Binge-r #115: The Bisexual + Manchester by the Sea
THE BISEXUAL S1
Streaming Service: Stan
Availability: All six episodes now streaming
“Bisexuality is a myth,” declares Leila (Desiree Akhavan, also the show’s creator), sitting in a lesbian club in London with her friends, trying to put the recent break-up with her girlfriend of 10 years, and business partner, Sadie (Maxine Peake), behind her. Later in the night, without too much fuss, Leila ends up in the bedroom of the cute guy from the cloak room. Like most things that occur with the Iranian-American expatriate – some happen to her, some she makes happen – it’s not easy to draw a single bead from it. With its orgasm anxiety and sudden bursts of cultural truth-telling, The Bisexual is a series that find the humour in serious situations and quietly wrenches dramatic reconsideration out of antics.
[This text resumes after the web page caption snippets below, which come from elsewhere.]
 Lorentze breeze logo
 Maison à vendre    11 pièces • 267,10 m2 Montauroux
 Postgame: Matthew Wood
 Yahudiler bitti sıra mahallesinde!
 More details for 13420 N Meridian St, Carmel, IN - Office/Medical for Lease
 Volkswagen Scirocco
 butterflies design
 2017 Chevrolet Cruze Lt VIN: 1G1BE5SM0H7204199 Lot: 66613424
Like Donald Glover’s Atlanta or Issa Rae’s Insecure, The Bisexual is a half hour comedy with explicit ambitions that, in this case, are mostly interior. Apart from the odd anthropological detail about lesbian culture in London, the focus is Leila’s effort to make sense of her desires and needs. Having recoiled from Sadie after receiving a marriage proposal, Leila’s furious when her Scottish ex moves on even as she pinballs from thoughts of reconciliation to trying men. Sexual identity is mixed up in her background and age, but the fact that it’s been so central to Leila’s life means that she can’t easily reckon with where she’s at. There’s a biting insult thrown at her – “emotional intimacy whore” – that Leila cops and then actually considers. The best lines have recurring lives: first as farce, then tragedy.
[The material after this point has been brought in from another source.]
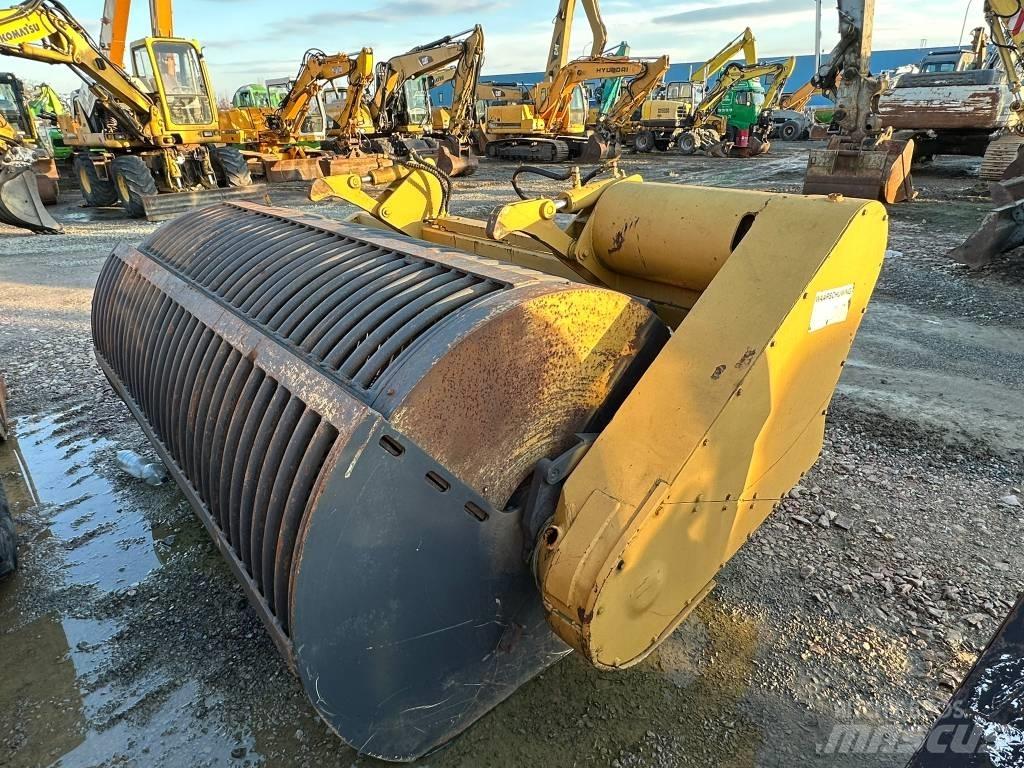 Rotar HPL 2500 Válogató berendezések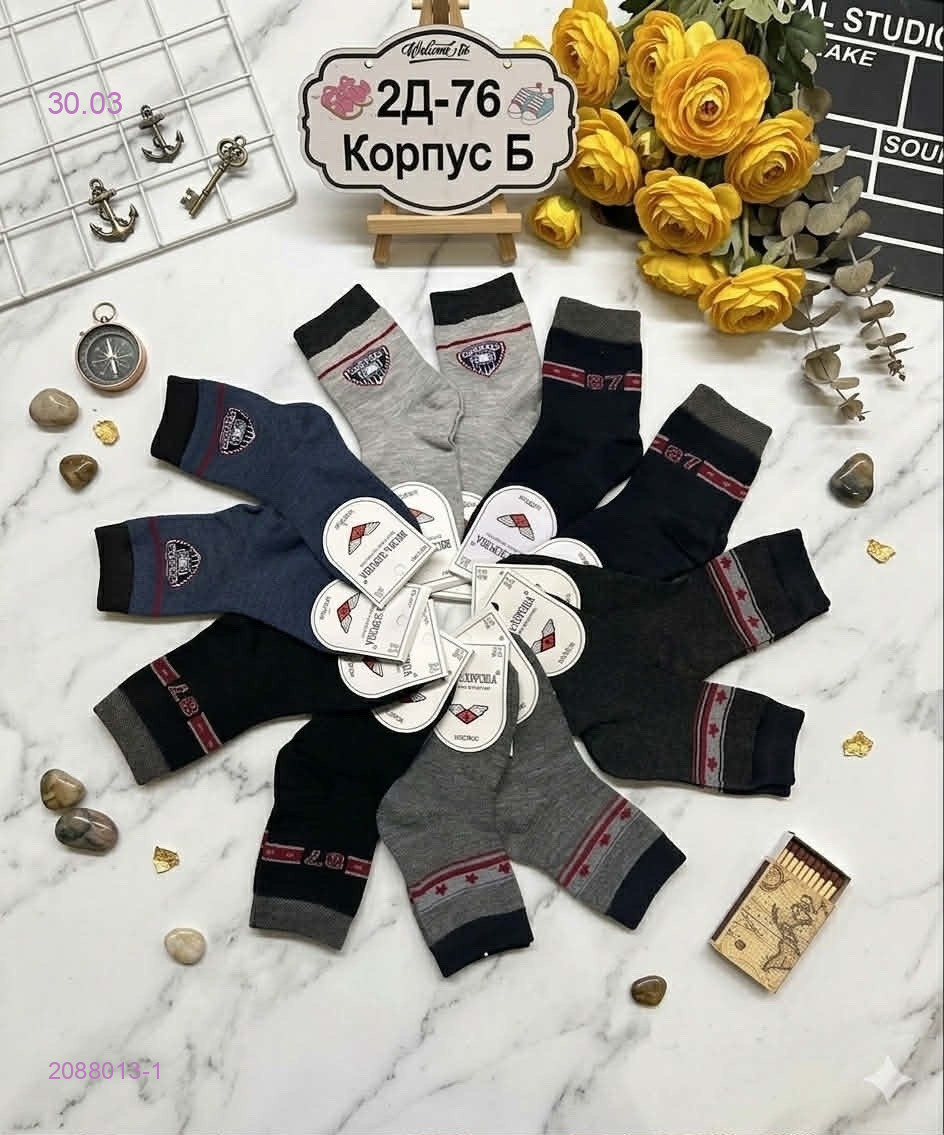 носки12 пар 2088013-1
Akhavan, a filmmaker whose previous feature was the gay conversion drama The Miseducation of Cameron Post, shoots these scenes with low-budget discipline, but the real strength is in the writing. The supporting cast might suggest familiar archetypes, such as Leila’s bumbling new housemate, Gabe (Brian Gleeson, another son of Brendan), but they consistently defy expectations for better and sometimes worse. The sharpest lines come from Leila’s best friend Deniz (Saskia Chana), a straight shooter ready to note that, “when you’re with your roommate, you’re like a girl from a Judd Apatow movie”.
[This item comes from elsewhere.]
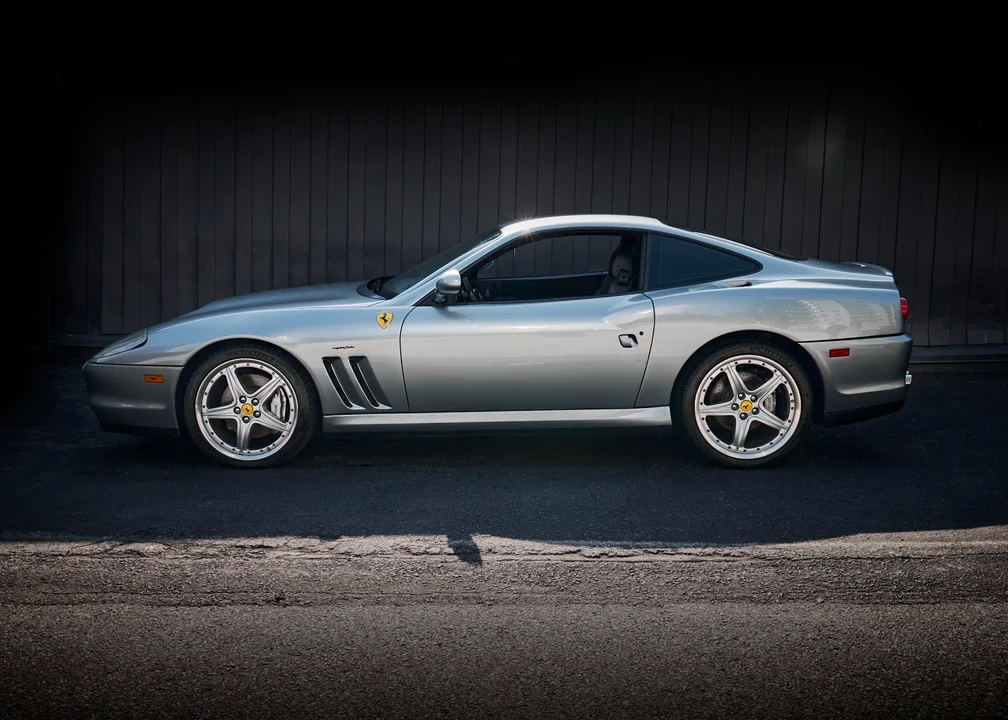 2004 Ferrari 575M Maranello - Image 4 of 31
Leila realises that she can be many things, and the same applies to many of her encounters. One starts with unexpected sex, turns to talk afterwards, erupts into an argument, and ends with affection that’s demanded as a due. That’s not an easy progression, and despite the defensive one-liners and gawky body language, it all unfolds with an idiosyncratic naturalness. The sex can be passionate or clumsy – the bodies involved are reassuringly ordinary throughout – and that breadth of possible outcome applies in most facets of The Bisexual. It’s never content to be content.
NEWLY ADDED MOVIES
Manchester by the Sea (Netflix, 2016, 137 minutes): Casey Affleck’s best quality as an actor is his ability to convey the passing of damning years in a single wary glance or stilted response. It’s a talent put to unerring use in Kenneth Lonergan’s compelling film, a drama about the impossibility of escaping the past that finds genuine and unexpected humour in the turns of the present. Recalled to the coastal town he once called home from Boston, where he works as a janitor and picks bar fights, Lee (Affleck) discovers that he has lost his older brother, Joe (Kyle Chandler, in flashback), and gained the guardianship of his nephew, teenager Patrick (Lucas Hedges). What follows is duty, errands and avoidance – there are no heartfelt speeches and redemptive gestures, and the reason for Lee’s failings, and why the locals look on him with sad consolation, is etched in by flashbacks that acquire a visceral force when Lee finally engages with his former wife, Randi (Michelle Williams). Grief is devastating in Manchester by the Sea, but the greatest cruelty is that life just goes on. Finding the shades of compassion and acceptance in that, without hiding the reality, is what elevates Lonergan’s movie.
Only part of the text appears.